Al frente se veía a la reina Milena, una mujer de generosas proporciones, ataviada con sedas de colores estridentes. Llevaba un manto confeccionado con la piel de un zorro moteado, un animal muy poco común. Tenía el pelo tan largo como el de Kahlan. Sostenía algo que Richard al principio no pudo distinguir qué era, pero al oír los ladridos, se dio cuenta de que era un perrito.

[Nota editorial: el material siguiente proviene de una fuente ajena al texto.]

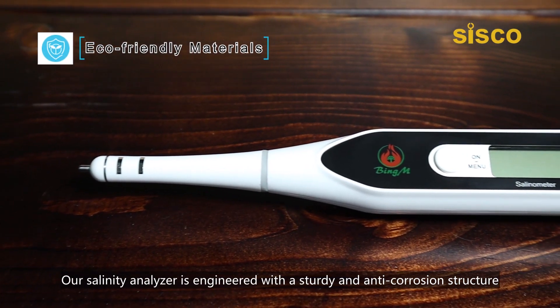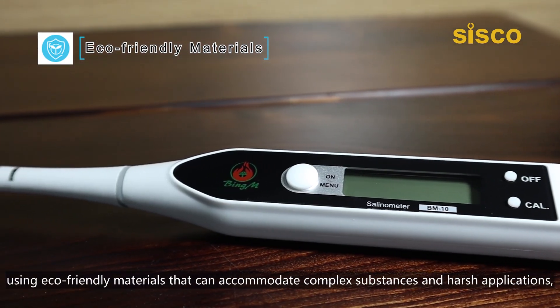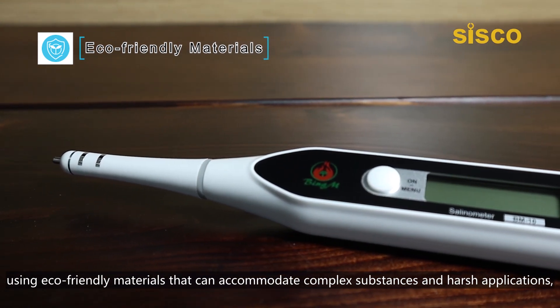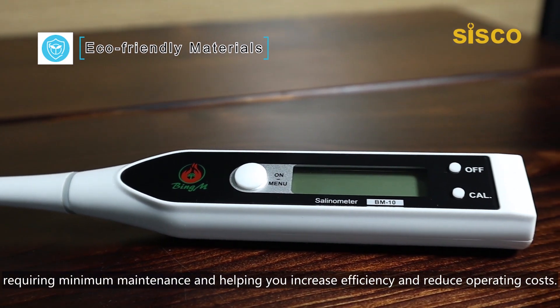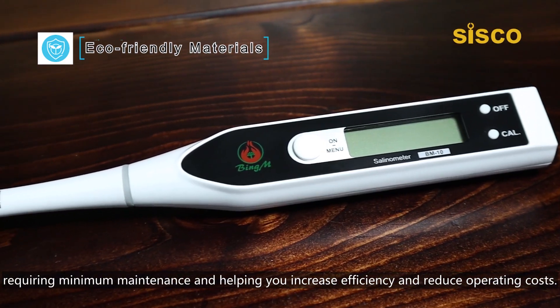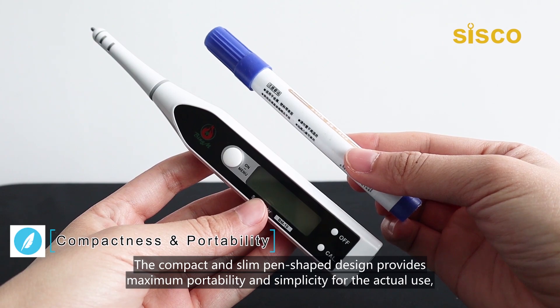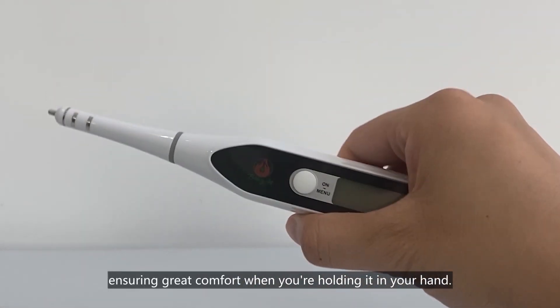Our salinity analyzer is engineered with a sturdy and anti-corrosion structure using eco-friendly materials that can accommodate complex substances and harsh applications, requiring minimum maintenance and helping you increase efficiency and reduce operating costs. The compact, pen-shaped design provides maximum portability and simplicity for actual use, ensuring great comfort when you're holding it in your hand.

Cuando se acercaron, todos, excepto la reina, se hincaron de rodillas. Richard se quedó mirando fijamente a la soberana, pues era la primera vez que veía a una. Zedd le dio un codazo. Richard se hincó de rodillas y, siguiendo el ejemplo de Zedd, inclinó la cabeza. Sólo dos personas se mantuvieron erguidas y con la cabeza alta: Kahlan y la reina. Apenas sus rodillas habían tocado el suelo cuando todo el mundo volvió a ponerse de pie, él el último. El joven supuso que ninguna de las dos mujeres debía de haber hecho una reverencia a la otra.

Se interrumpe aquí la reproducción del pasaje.